Investing.com - The number of people who filed new applications for unemployment assistance in the U.S. last week unexpectedly fell to their lowest in nearly 50 years, offering a sign that conditions in the labor market may not be deteriorating as sharply as recent economic indicators have suggested.
The U.S. Department of Labor said Thursday that initial jobless claims in the week ended March 30 fell unexpectedly by 10,000 to a seasonally-adjusted 202,000. That was the lowest level since December 1969.
Analysts had expected 216,000. Claims for the prior week were revised up to 212,000.
The four-week moving average was 213,00, a decline of 4,000 from the previous week. The monthly average is seen as a more accurate gauge of labor trends because it reduces volatility in the week-to-week data. This gauge has been falling steadily since February.
The report said continuing jobless claims for the week ended March 23 fell to 1.717 million from 1.756 million in the preceding week. These claims reflect people who recently lost their jobs and are already receiving benefits.
The data make a reassuring prelude to Friday’s employment report for March.
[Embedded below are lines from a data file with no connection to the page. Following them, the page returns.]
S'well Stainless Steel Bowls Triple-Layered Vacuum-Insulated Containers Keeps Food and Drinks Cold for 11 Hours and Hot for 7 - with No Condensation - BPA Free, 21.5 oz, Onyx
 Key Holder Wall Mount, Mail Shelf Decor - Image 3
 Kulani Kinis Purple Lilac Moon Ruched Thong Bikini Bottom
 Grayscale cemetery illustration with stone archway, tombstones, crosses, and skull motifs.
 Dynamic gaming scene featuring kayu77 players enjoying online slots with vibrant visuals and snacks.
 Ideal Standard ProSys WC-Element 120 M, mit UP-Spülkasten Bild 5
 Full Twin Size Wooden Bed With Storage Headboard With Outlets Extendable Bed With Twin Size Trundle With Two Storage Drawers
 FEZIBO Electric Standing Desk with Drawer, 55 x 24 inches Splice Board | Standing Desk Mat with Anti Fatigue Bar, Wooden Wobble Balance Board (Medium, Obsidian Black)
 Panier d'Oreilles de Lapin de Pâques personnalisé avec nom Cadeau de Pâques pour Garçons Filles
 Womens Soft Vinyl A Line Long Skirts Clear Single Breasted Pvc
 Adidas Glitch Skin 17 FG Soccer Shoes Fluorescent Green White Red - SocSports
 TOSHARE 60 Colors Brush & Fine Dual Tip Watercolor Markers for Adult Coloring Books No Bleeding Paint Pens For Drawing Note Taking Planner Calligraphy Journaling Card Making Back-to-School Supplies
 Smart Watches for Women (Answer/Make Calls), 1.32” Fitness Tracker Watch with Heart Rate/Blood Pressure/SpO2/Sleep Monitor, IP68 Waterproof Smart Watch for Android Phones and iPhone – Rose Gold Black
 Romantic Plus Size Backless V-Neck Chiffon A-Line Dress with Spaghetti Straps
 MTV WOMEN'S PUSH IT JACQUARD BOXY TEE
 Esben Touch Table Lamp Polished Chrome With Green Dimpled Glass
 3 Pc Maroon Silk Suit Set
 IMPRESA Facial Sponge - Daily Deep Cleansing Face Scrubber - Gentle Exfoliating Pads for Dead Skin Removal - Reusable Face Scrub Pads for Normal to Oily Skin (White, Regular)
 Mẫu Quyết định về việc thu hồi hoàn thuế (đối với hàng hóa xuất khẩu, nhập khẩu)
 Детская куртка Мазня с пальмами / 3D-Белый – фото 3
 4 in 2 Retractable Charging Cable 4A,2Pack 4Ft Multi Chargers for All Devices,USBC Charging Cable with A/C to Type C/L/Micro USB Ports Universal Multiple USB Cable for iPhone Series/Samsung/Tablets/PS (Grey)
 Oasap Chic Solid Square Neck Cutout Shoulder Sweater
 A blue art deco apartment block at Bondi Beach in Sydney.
According to a report Wednesday from payrolls processor ADP, the U.S. economy added the fewest private sector jobs in 18 months during March.
That came after February’s employment report from the Bureau of Labor Statistics showed a sharp slowdown in job creation.
Economists forecast that Friday’s government report will show the creation of 180,000 nonfarm jobs, while the unemployment rate is expected to hold steady at 3.8%. Most of the focus will likely be on average hourly earnings, which are expected to rise 3.4% from a year earlier, similar to the increase reported in February.